Lysa III inspired the most vocal response by far at the curator-led docent tour at the National Museum of Women in the Arts in Washington D.C. Composed of fiberglass, resin and steel, the piece, by Jennifer Rubell, consists of a busty mannequin who functions as a nutcracker. Patrons may insert a walnut in the opening between her legs. Pressing down on the top leg cracks the nut. Rubell has shown similar works at the Dallas Contemporary and Frieze, but the piece was new to this D.C. crowd. Jennifer Rubell is, of course, the daughter of Don and Mera Rubell, the Miami-based mega-collectors, but also an artist in her own right.
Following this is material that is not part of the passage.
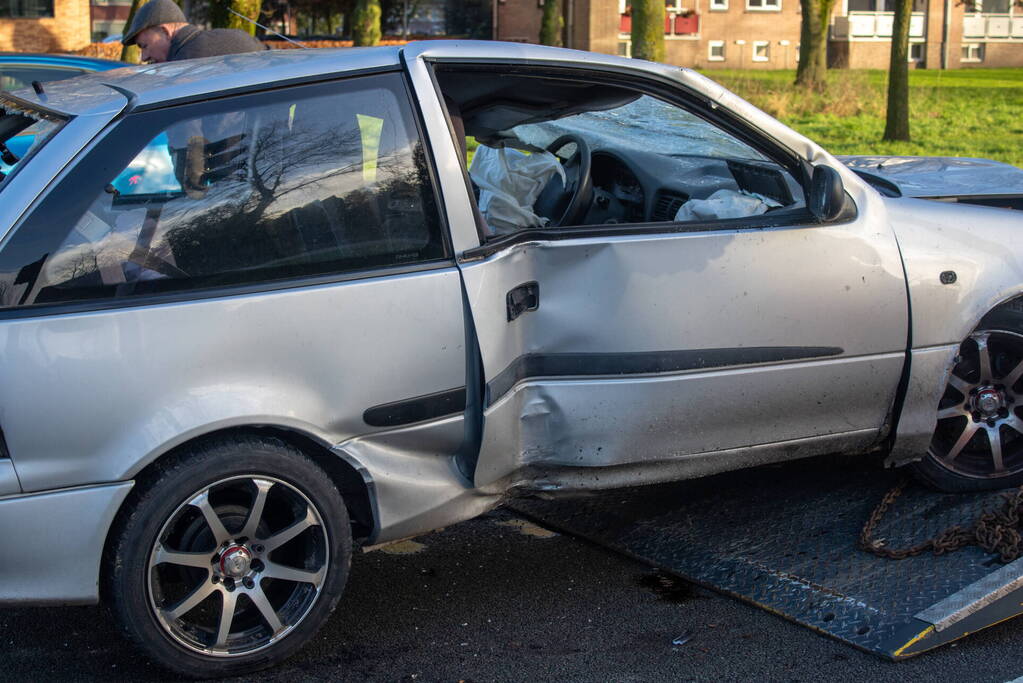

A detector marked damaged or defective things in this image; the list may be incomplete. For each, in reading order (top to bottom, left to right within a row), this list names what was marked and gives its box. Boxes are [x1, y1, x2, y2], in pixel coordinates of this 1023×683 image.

shattered windshield [0, 96, 65, 186]
deployed airbag [468, 144, 564, 235]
Associate Curator Virginia Treanor was leading the tour of the museum’s the new show, NO MAN’S LAND: Women Artists from the Rubell Family Collection, which opens to the public today. The exhibition features large-scale paintings and sculptural works by 37 contemporary artists from 16 countries, including their own daughter. The title references historical land parceling, battlefields, and the simple fact that no men are represented in the show. The security checklist available at the beginning of the exhibition provided specific instructions for Lysa III: “FYI – You do not have to pull the leg all the way down to crack the nut – if you do it smashes it into a lot of tiny pieces.” (Second prize for best security checklist note relates to Mary Weatherford’s Past Sunset: “Apparently, people like to touch the neon.”)
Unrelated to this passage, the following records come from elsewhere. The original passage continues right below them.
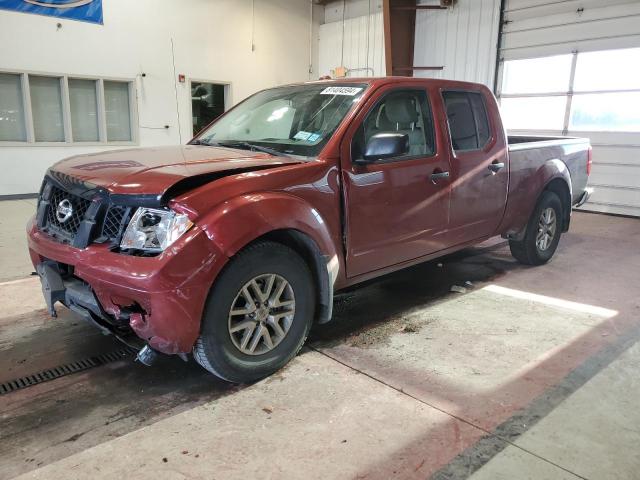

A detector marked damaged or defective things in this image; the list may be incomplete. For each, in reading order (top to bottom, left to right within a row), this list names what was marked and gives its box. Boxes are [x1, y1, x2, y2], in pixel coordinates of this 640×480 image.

crumpled hood [49, 144, 300, 197]
cracked grille [45, 186, 92, 242]
broken headlight [119, 206, 191, 251]
damaged front bumper [27, 218, 228, 356]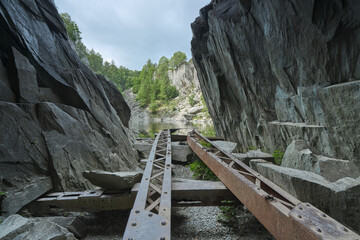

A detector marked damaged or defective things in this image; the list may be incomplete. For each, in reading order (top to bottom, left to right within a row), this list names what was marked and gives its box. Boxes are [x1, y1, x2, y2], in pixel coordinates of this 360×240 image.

corroded metal surface [124, 130, 173, 239]
rusty iron girder [124, 130, 173, 240]
rusted metal bridge structure [33, 129, 360, 240]
rusty iron girder [187, 130, 358, 239]
rust stain on metal [187, 129, 358, 240]
corroded metal surface [187, 130, 358, 240]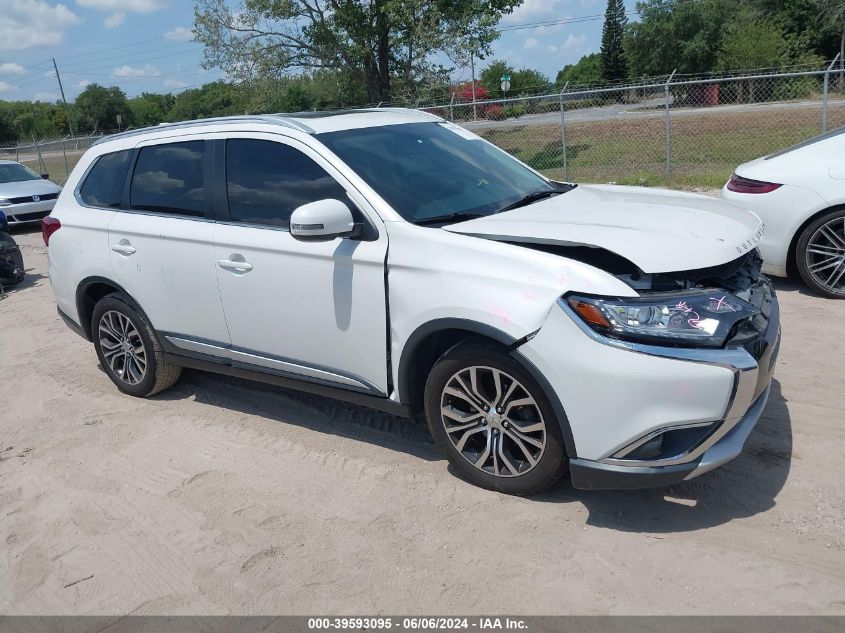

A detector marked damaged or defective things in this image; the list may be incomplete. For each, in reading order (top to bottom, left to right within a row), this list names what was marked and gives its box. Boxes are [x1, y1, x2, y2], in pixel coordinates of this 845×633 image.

crumpled hood [446, 183, 760, 272]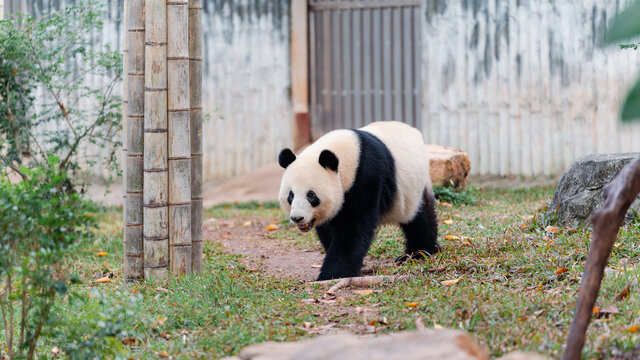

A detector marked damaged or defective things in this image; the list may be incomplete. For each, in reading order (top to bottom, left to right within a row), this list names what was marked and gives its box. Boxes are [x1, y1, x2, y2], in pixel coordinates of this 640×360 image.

peeling painted wall [422, 0, 640, 175]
“Our registrar is having a heart attack,” said Virginia Treanor, the associate curator, on the topic of Lysa III. There will be nut pieces all over the gallery. The museum will also need allergy signage.
Treanor herself was particularly interested in a different artist she’d only discovered once she began exploring the Rubell Collection. “I was really drawn to Celia Paul’s work,” she said. “My background and my first love is old master painting and I really saw her reaching back to that tradition but giving it such a fresh interpretation.” On the other end of the spectrum, she was excited to show two works—Infinity Net paintings—by Yayoi Kusama, easily the best-known artist included.
Treanor explained her process for whittling down the Rubell Collection works and turning those pieces into an exhibition. She and Chief Curator Kathryn Wat visited the collection in Miami and first selected their favorite pieces. From that list, they noticed that themes of the body and process were emerging. “Because I tend toward more of the historical side of things, the body and the representation of the body and the nude female form especially interested me,” said Treanor. “And Katie is really passionate about artistic process and the philosophical associations with the work that goes into creating a particular piece. We teased those themes out.” From the list of works they liked, they pulled the ones that fit into those themes. The exhibition itself now separated into two sections while, of course, some works could easily belong to both.
Anicka Yi’s obscurely titled Life Serves Up The Occasional Pink Unicorn provides some of the exhibition’s most unique media. A trigger warning might be necessary here for some conservators. Yi’s work, which expands across an entire gallery wall, features tempura fried flowers affixed to five panels of Plexiglas. Ten chrome plated dumbbells rest on stainless steel shelves behind them. Treanor noted that if you get close enough, the work exudes a particular scent. Questions about decay, transparency, and ritual (of eating or exercising, perhaps) vaguely present themselves. Solange Pessoa’s 4 Hammocks comprises fabric, earth, and sponges. Forms that look like potatoes of myriad sizes hang from the wall like a giant hammock you can’t actually lie on. There’s something corporeal and grotesque about the work, yet comforting at the same time.
The artists in the show evidence a wide variety of concerns that extend far beyond artistic process and the body. Hayv Kahraman, one of the exhibition’s youngest artists (born in 1981), explores immigration and beauty standards in her paintings. Dana Schutz hints at artistic voyeurism in Lovers, a painting of two lovers in a clearing who aren’t quite alone—an arm reaches out from the side of painting toward the couple. Rosemarie Trockel, who works in wool; Sonia Gomes, who works in fabric; and Tauba Auerbach, who works in woven canvas all appropriate materials typically associated with the female sphere for their own work.
The exhibition also situates the Rubell’s Collection in a city where they’ve long been trying to expand. In the past few years, the Rubells bought Randall Junior High School in Southwest D.C. (from the Corcoran Gallery of Art and College of Art + Design) and began planning its transformation into a cultural center. Men, and their art, might even be allowed to enter.